La brisa fría de la umbría, y el agua ligera seguía fija aquella noche, pero faltaba un invitado que se sumaba a la fiesta... la niebla. A perro flaco todo se le vuelven pulgas, y la visibilidad se reducía. En ese momento estábamos calmados, no oíamos nada, aun así probé un par de veces el monocular nocturno. El clima le hacía mella y se me empañaba, y en cada uso necesitaba limpiarle para ver algo.

La tranquilidad proseguía, eran las 20h y yo estaba mojado, y francamente empezaba a  tener necesidad de echarme una capa más. La chaqueta que me quedaba por poner la tenía debajo del culo, con lo que para ponérmela, necesitaba incorporarme. Iba a ser una operación delicada, pero necesaria si quería aguantar allí aquella noche, pues la capa supervisor estaba mojada y con el aire me helaba. Habitualmente al inicio me pongo todas las capas disponibles para evitar esto que ahora se hacía imprescindible, pues el calor se soporta mejor que el frío.

No escuchaba nada desde hacía rato, si acaso las tripas de Pedro que me reclamaban el hornazo que se había quedado en el coche y los codazos habían cesado desde hacía rato. Si me tenía que poner esa chaqueta ahora era el momento.

"Pedro me voy a poner esta chaqueta cógeme esto" le dije en un tenue susurro. Le pase el rifle lo primero, el monocular nocturno después y el pobre de Pedro recogía todo como buenamente podía pues tenía sus propios enseres encima, pues con la lluvia poco o nada se podía dejar en el suelo embarrado.

Entonces grácil, firme y silencioso como un pato mareado me levanté de la silla, arrasando con todo lo que estaba a mí verá. El trípode lo tiré al suelo, al igual que los cascos de protección auditiva, y por supuesto el gorro también. Yo creo que todavía retumba todo esto junto con el sonido de las telas de la silla.

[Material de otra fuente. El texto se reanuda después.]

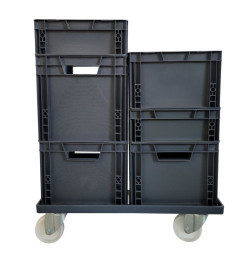 Plateau roulant pour bacs – 250 kg, 610 x 410 mm, rebords antiglisse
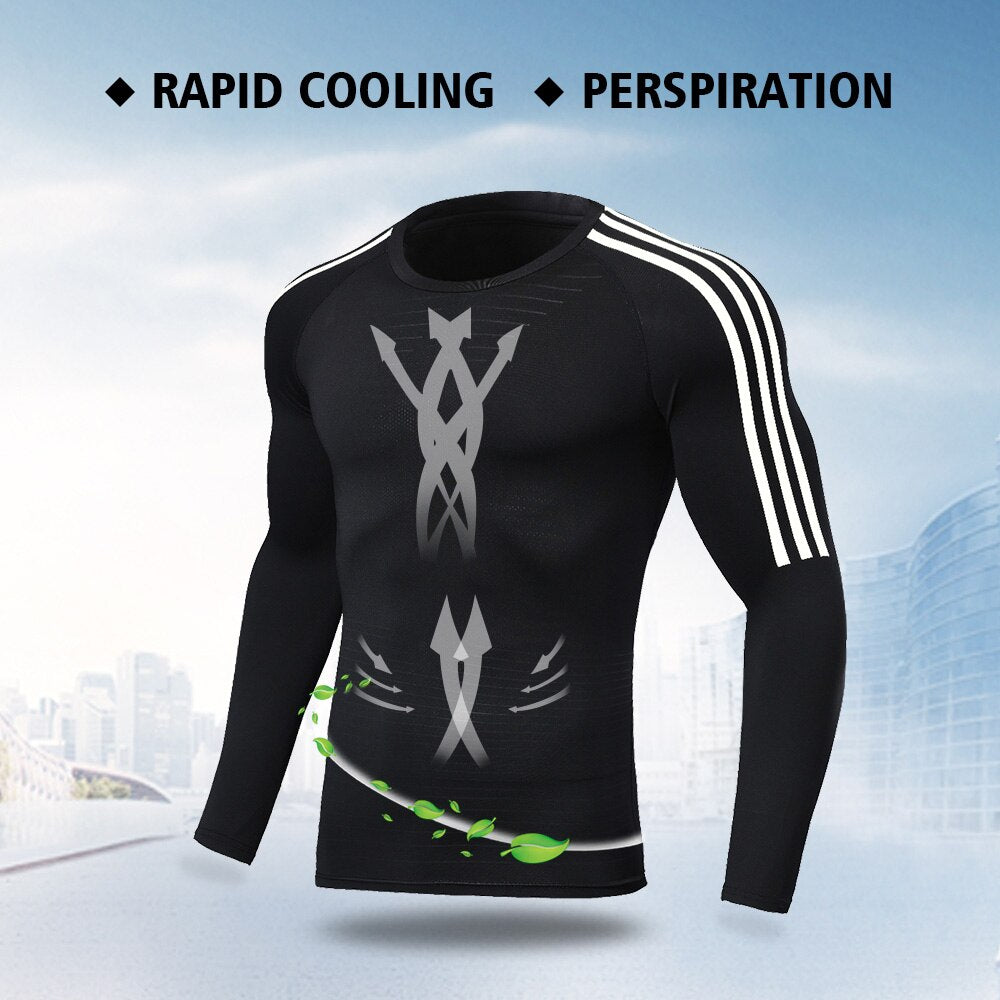 Men Quick-drying Compression Training Tracksuit Warm Gym Sport Suit Jogging For Homme Man Running Tight Fitness Workout Clothes
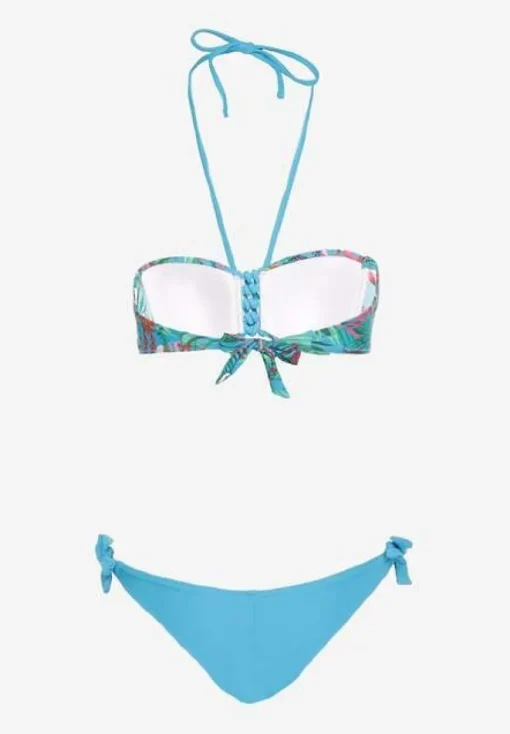 Niebieskie Bikini Majtki Figi ze Sznurkami po Bokach i Usztywniany Biustonosz z Wiązaniem Natmarie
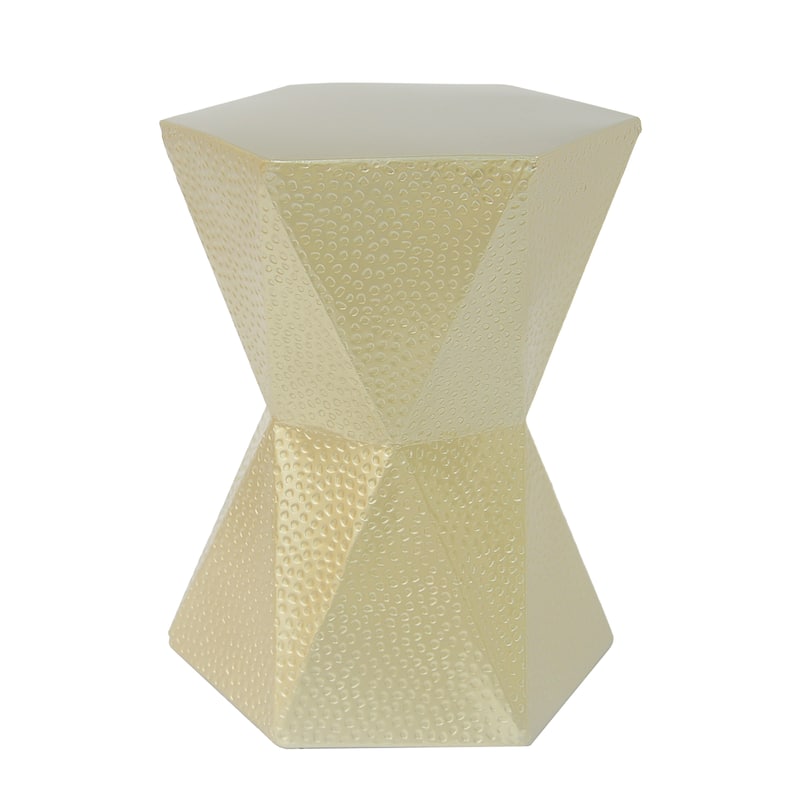 14.5" Modern Hexagon Side Table with Sturdy Iron Frame for Living Room or Bedroom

Ya no había vuelta atrás, estaba de pie, y no veía la cara a Pedro pero debía ser un poema, ¡qué narices! "la culpa fue de pedro por no coger más trastos encima jeje". Con la agilidad y destreza que me caracteriza en la oscuridad, es decir, la de rompetechos, y los nervios de acero de aquel que anda liándola a cada movimiento, me peleaba con la chaqueta para ver quién podía más en el afán de ponérmela, si su nula capacidad de movimiento o resistencia o mis anteriores virtudes descritas. De momento ganaba la chaqueta.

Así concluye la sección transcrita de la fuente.